• _Work order_
All that is needed is an exact copy of the lines from the beginning of the data below through the line containing "Clicking Next brings", minus the pictures.

Records section start

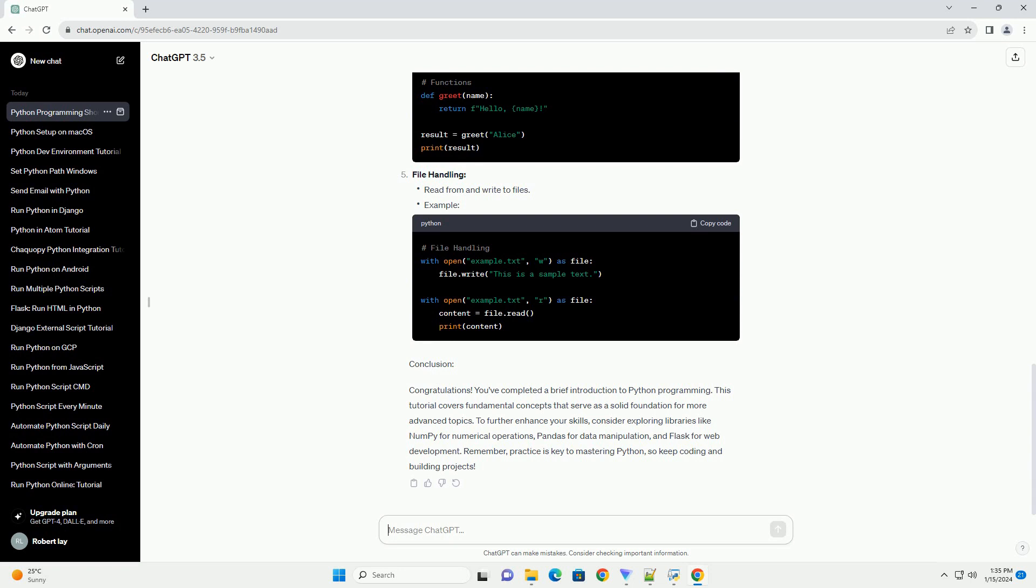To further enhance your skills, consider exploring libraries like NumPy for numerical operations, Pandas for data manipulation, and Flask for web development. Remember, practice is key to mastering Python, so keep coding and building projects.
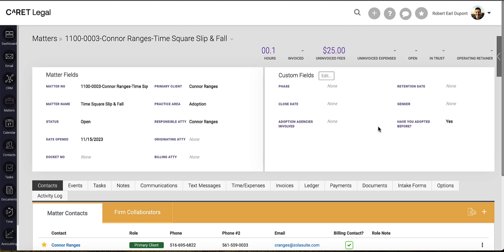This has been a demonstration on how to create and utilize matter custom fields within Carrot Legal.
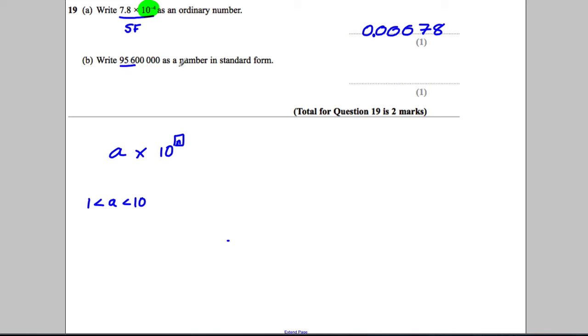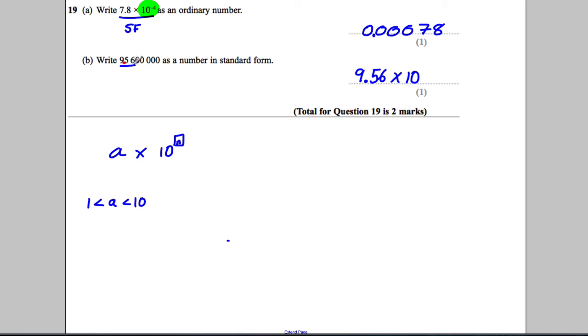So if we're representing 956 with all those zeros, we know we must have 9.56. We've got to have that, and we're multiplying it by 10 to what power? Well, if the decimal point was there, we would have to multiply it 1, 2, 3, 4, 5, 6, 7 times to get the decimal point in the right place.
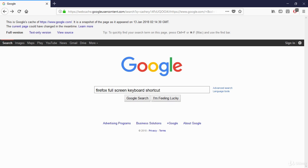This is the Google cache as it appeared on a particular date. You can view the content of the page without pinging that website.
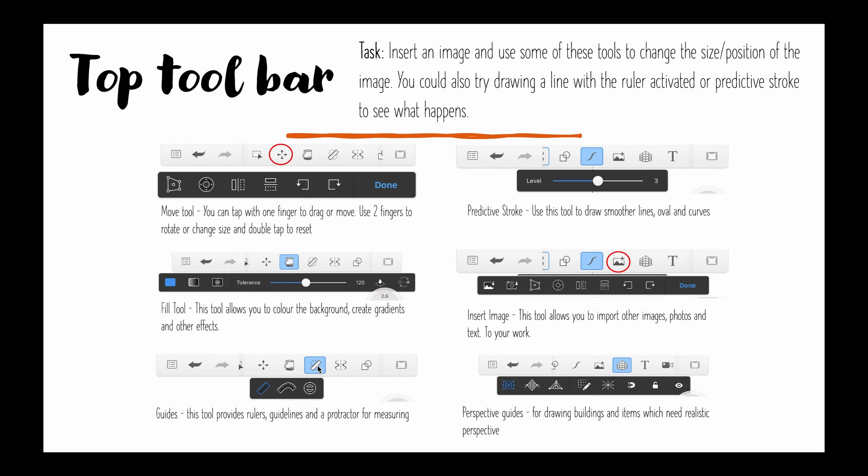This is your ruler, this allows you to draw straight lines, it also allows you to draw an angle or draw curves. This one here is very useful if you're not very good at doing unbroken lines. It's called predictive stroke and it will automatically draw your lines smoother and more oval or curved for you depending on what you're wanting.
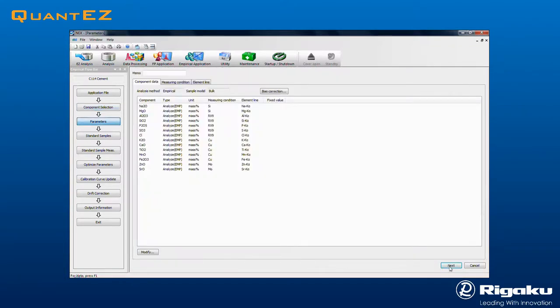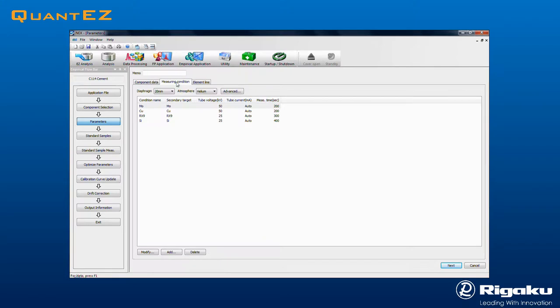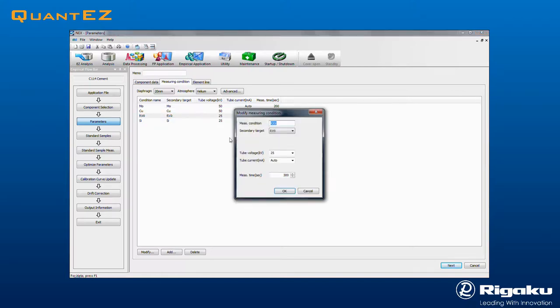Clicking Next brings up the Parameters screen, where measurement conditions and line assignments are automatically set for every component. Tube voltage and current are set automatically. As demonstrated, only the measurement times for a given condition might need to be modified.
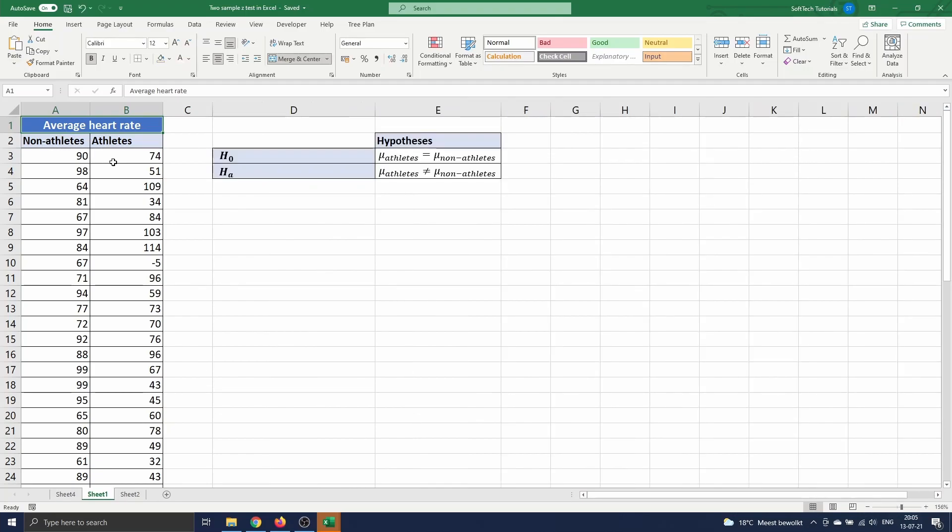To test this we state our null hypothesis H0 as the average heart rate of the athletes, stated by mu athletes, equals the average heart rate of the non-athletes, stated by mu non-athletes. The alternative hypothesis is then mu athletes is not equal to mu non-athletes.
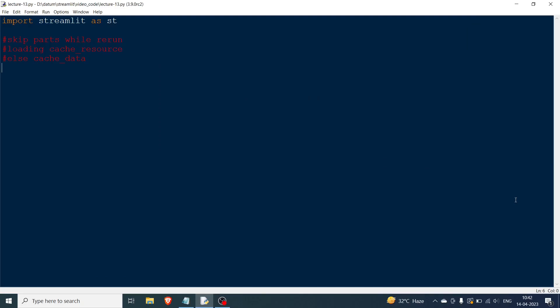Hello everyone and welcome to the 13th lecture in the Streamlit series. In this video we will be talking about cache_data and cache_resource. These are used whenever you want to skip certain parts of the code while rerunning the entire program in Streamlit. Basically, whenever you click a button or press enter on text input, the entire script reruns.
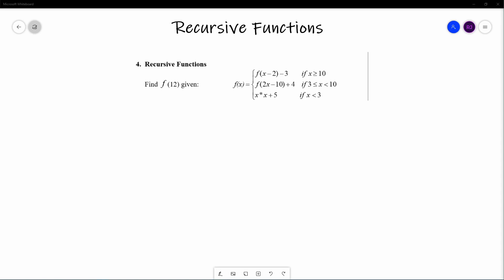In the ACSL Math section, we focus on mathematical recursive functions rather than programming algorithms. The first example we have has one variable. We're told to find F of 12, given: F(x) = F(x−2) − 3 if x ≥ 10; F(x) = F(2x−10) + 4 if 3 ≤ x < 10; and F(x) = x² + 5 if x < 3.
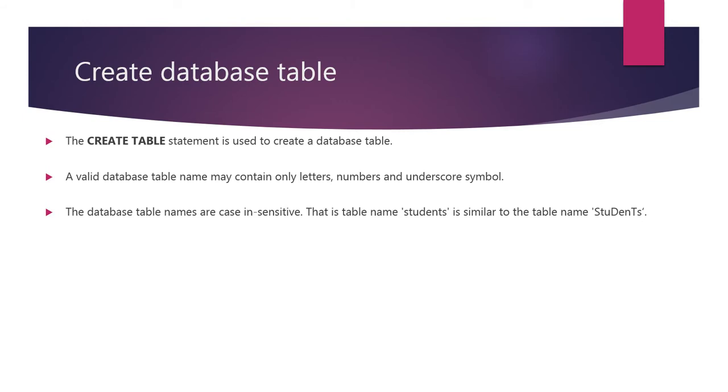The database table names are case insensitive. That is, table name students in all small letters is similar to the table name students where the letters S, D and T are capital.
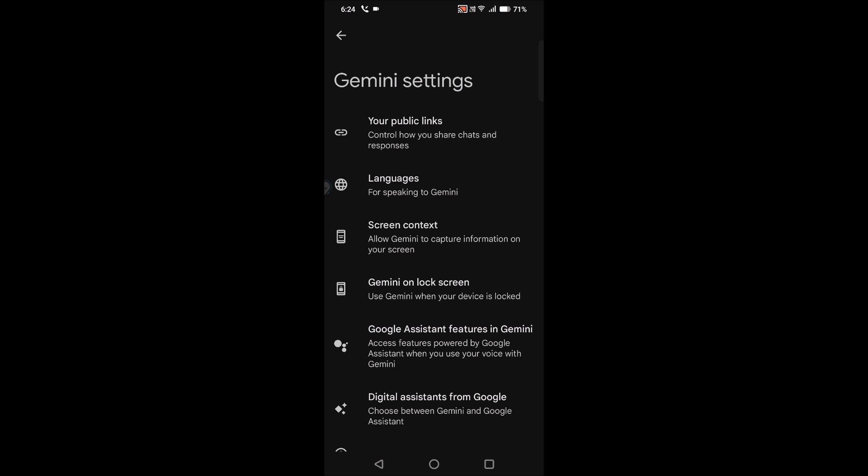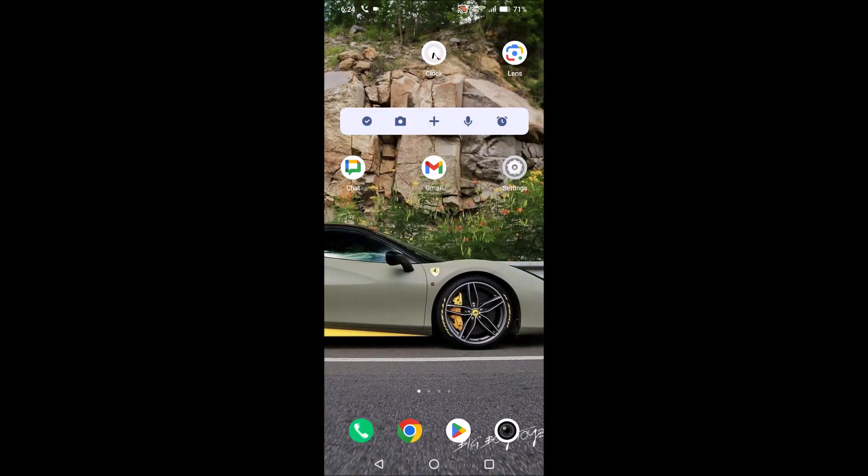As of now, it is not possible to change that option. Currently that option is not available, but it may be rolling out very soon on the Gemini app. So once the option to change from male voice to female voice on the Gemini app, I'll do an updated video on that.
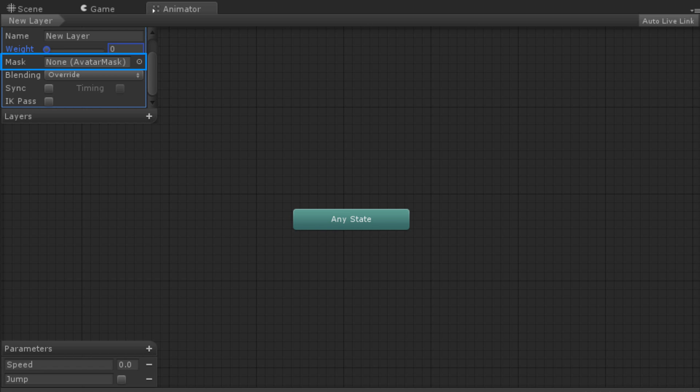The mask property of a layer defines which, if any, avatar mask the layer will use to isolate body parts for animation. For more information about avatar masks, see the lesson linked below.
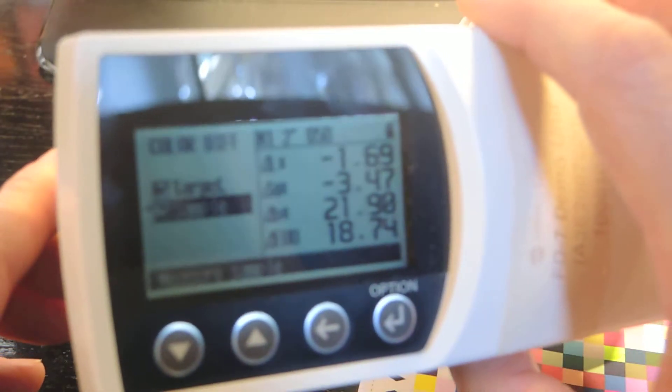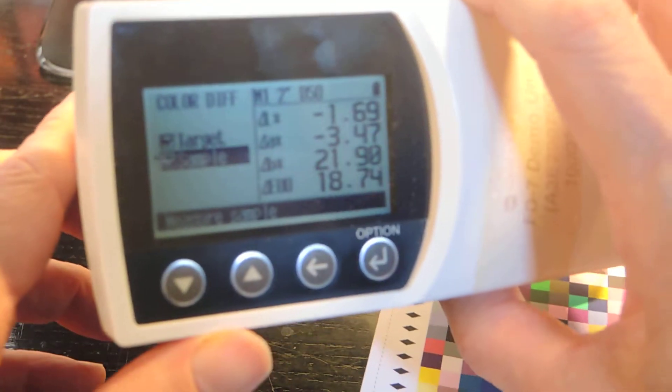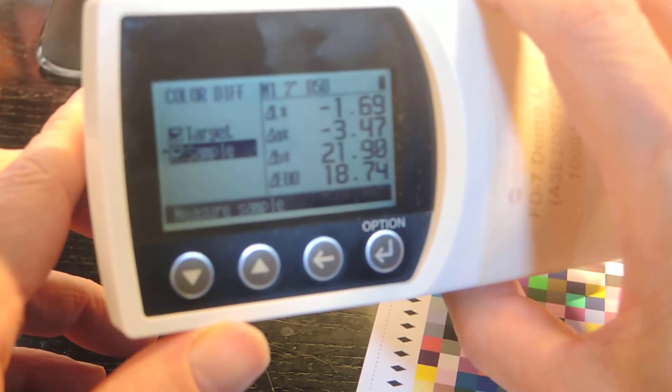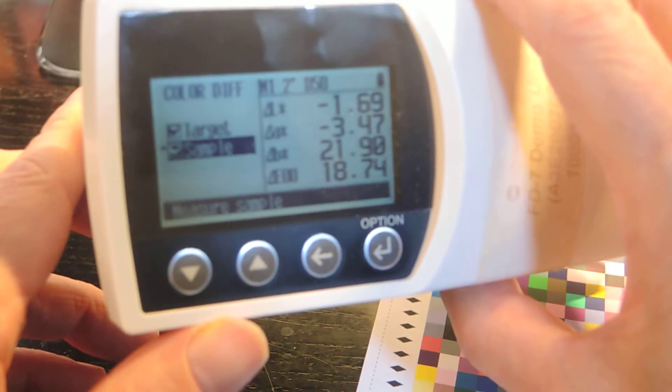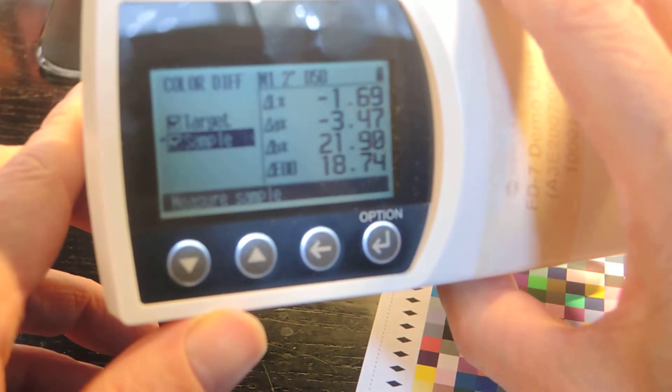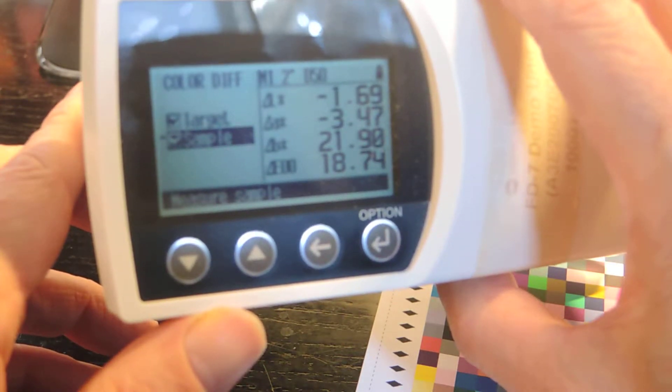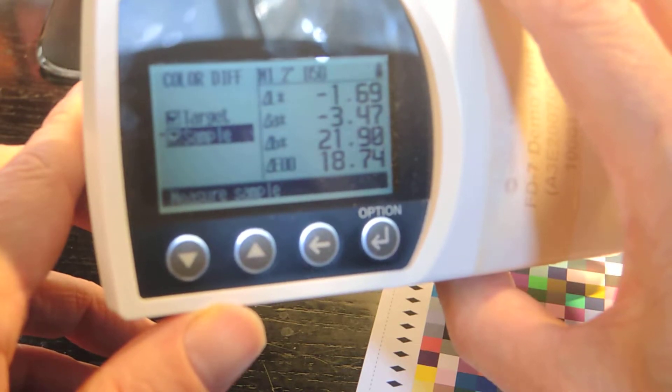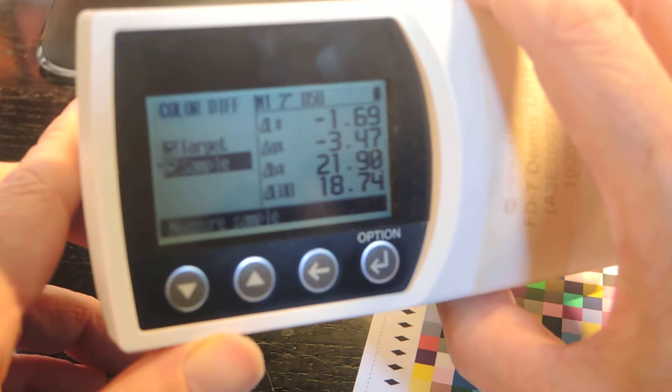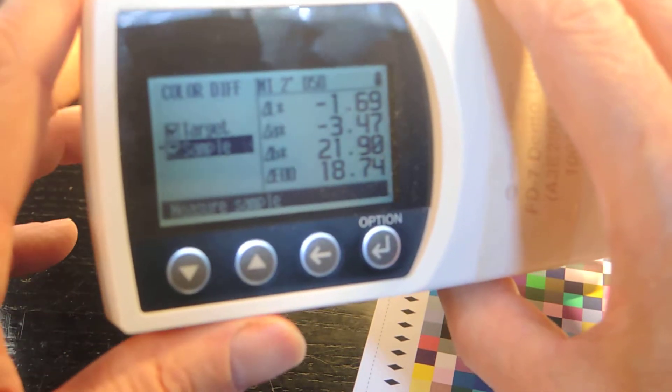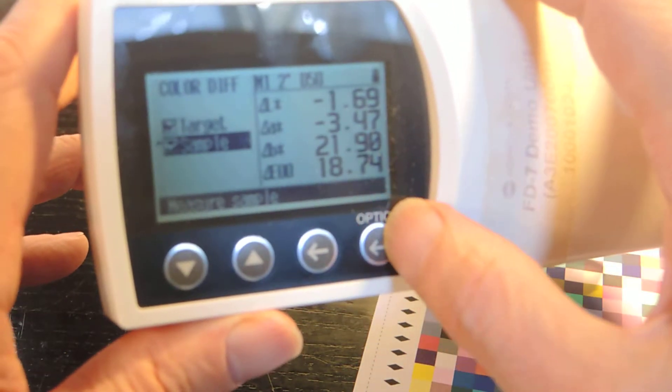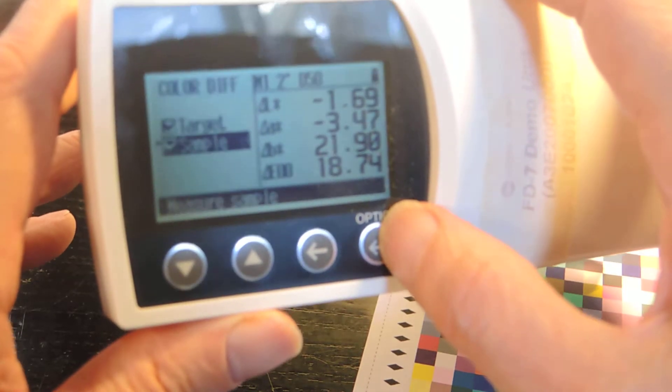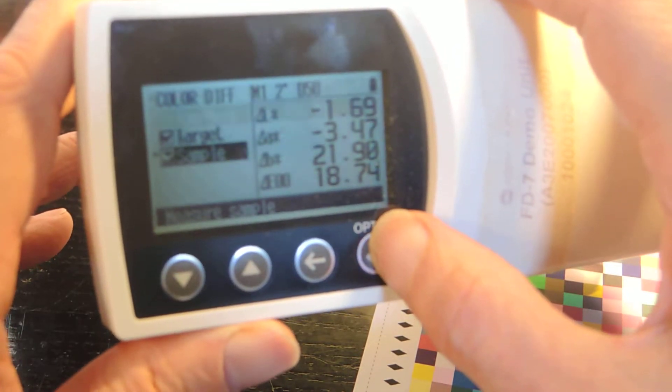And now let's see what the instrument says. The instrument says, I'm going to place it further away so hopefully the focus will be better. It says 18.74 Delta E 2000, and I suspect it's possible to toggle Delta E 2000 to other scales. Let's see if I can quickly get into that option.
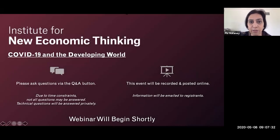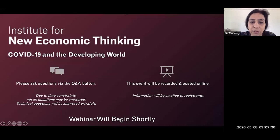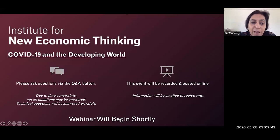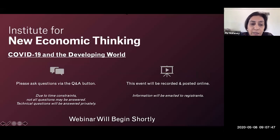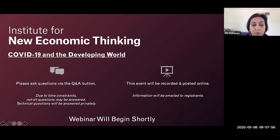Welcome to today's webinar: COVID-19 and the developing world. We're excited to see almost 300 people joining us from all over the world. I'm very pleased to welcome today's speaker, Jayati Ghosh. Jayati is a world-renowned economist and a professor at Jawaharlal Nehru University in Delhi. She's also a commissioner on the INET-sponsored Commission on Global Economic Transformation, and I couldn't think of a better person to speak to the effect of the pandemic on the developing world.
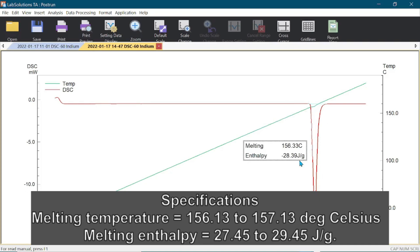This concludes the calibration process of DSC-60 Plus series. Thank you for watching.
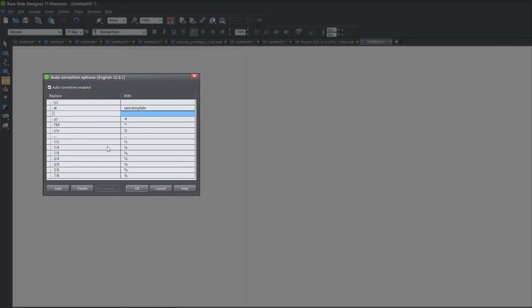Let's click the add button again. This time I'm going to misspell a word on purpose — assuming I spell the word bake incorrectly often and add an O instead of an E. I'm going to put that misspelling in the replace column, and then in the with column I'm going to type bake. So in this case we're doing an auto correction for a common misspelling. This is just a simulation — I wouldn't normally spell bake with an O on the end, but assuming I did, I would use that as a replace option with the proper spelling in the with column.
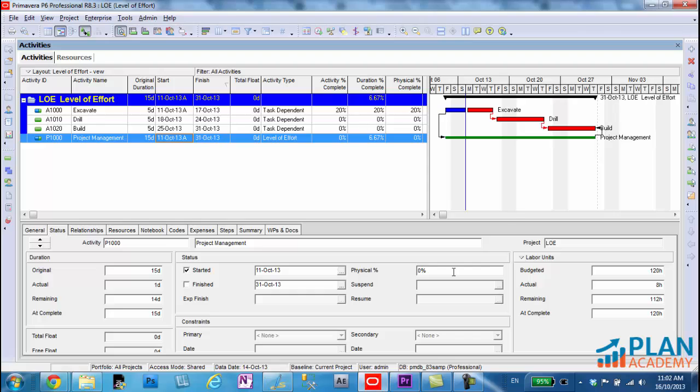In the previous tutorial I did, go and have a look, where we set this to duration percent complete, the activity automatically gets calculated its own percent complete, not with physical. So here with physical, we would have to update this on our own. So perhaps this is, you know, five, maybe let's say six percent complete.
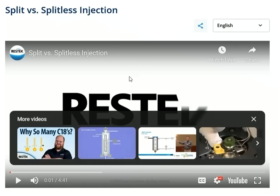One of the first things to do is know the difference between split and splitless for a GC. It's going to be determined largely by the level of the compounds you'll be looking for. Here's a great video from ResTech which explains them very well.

Records section end

• _Result_
To further enhance your skills, consider exploring libraries like NumPy for numerical operations, Pandas for data manipulation, and Flask for web development. Remember, practice is key to mastering Python, so keep coding and building projects.
This has been a demonstration on how to create and utilize matter custom fields within Carrot Legal.
So if we're representing 956 with all those zeros, we know we must have 9.56. We've got to have that, and we're multiplying it by 10 to what power? Well, if the decimal point was there, we would have to multiply it 1, 2, 3, 4, 5, 6, 7 times to get the decimal point in the right place.
This is the Google cache as it appeared on a particular date. You can view the content of the page without pinging that website.
This is your ruler, this allows you to draw straight lines, it also allows you to draw an angle or draw curves. This one here is very useful if you're not very good at doing unbroken lines. It's called predictive stroke and it will automatically draw your lines smoother and more oval or curved for you depending on what you're wanting.
Clicking Next brings up the Parameters screen, where measurement conditions and line assignments are automatically set for every component. Tube voltage and current are set automatically. As demonstrated, only the measurement times for a given condition might need to be modified.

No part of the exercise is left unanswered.